In the entries that follow, the lines from the line containing "Носовое кровотечение у ребенка" up to and including the line containing "ZFAND3 Antibody in" must be copied exactly, with pictures omitted.
====== Given records
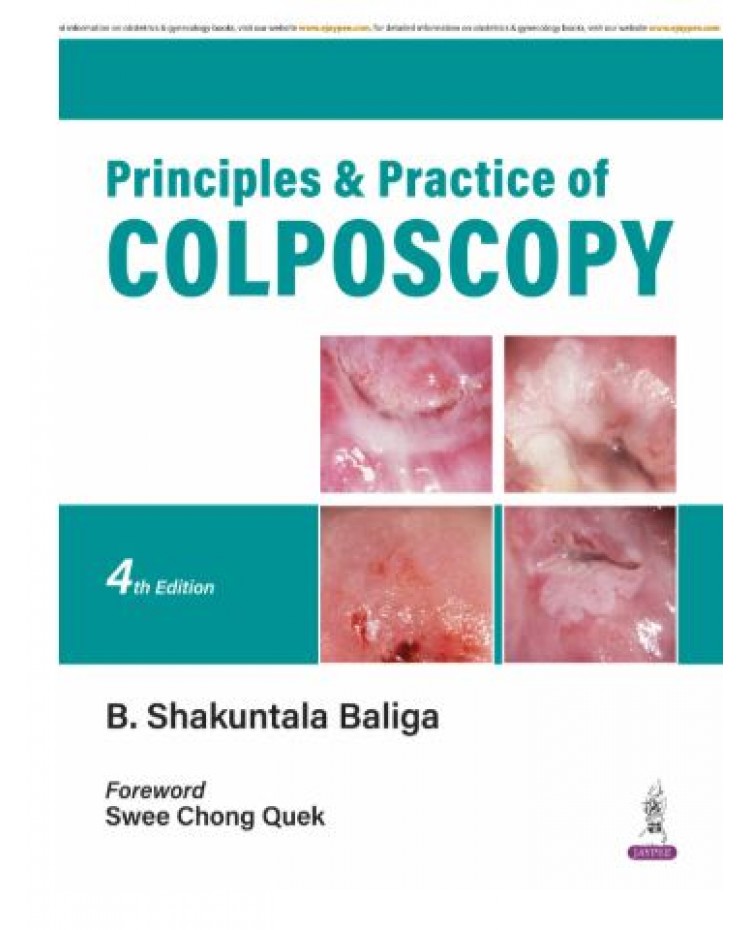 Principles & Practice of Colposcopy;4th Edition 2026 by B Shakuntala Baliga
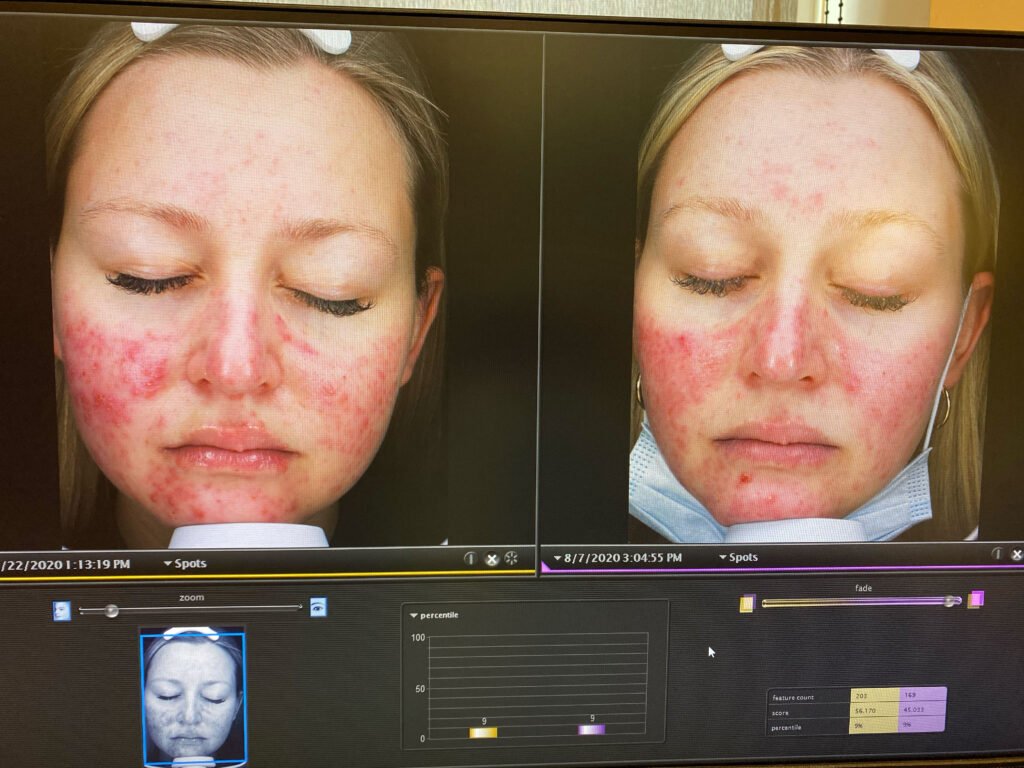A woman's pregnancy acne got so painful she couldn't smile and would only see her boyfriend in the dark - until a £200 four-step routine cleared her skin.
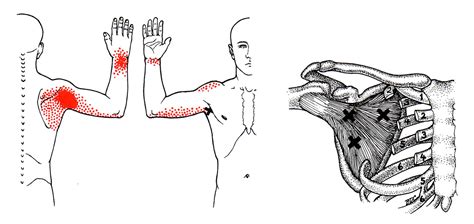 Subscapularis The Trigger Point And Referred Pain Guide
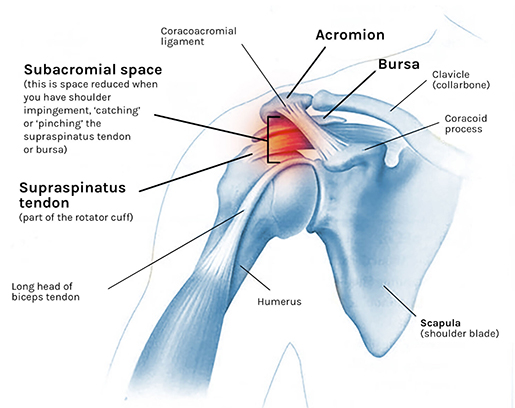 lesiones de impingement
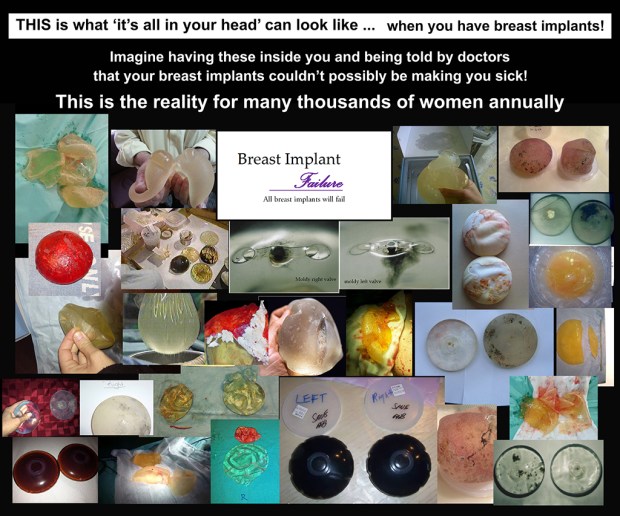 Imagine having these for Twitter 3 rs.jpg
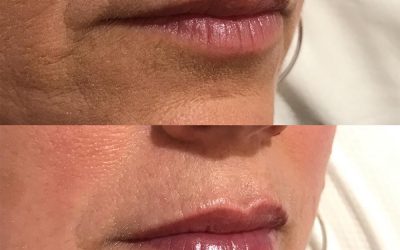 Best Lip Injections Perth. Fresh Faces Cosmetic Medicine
============
====== Given records
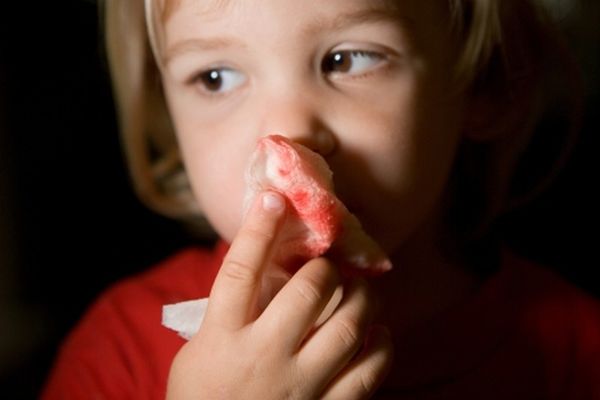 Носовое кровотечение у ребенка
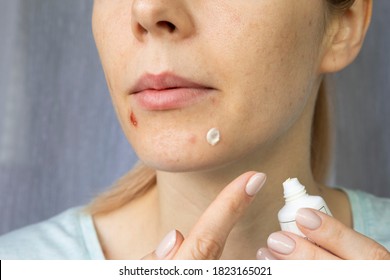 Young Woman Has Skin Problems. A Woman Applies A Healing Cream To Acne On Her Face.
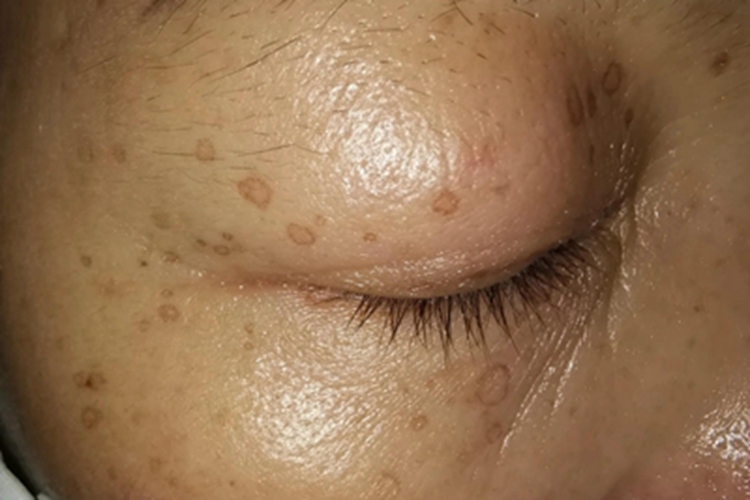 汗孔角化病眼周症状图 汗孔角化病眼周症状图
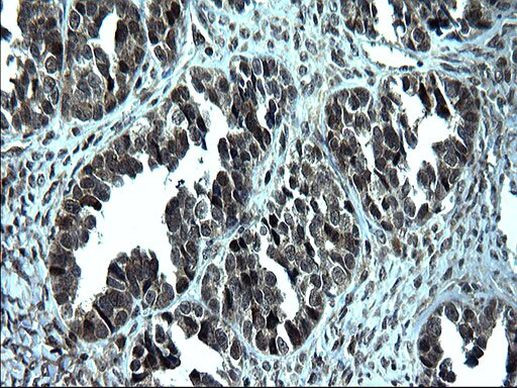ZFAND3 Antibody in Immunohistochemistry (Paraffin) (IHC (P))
============
====== Given records
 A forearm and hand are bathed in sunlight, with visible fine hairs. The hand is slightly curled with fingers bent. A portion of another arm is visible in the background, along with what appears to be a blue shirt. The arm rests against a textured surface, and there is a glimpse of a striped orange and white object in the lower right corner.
============
### Exercise solution
 Носовое кровотечение у ребенка
 Young Woman Has Skin Problems. A Woman Applies A Healing Cream To Acne On Her Face.
 汗孔角化病眼周症状图 汗孔角化病眼周症状图
ZFAND3 Antibody in Immunohistochemistry (Paraffin) (IHC (P))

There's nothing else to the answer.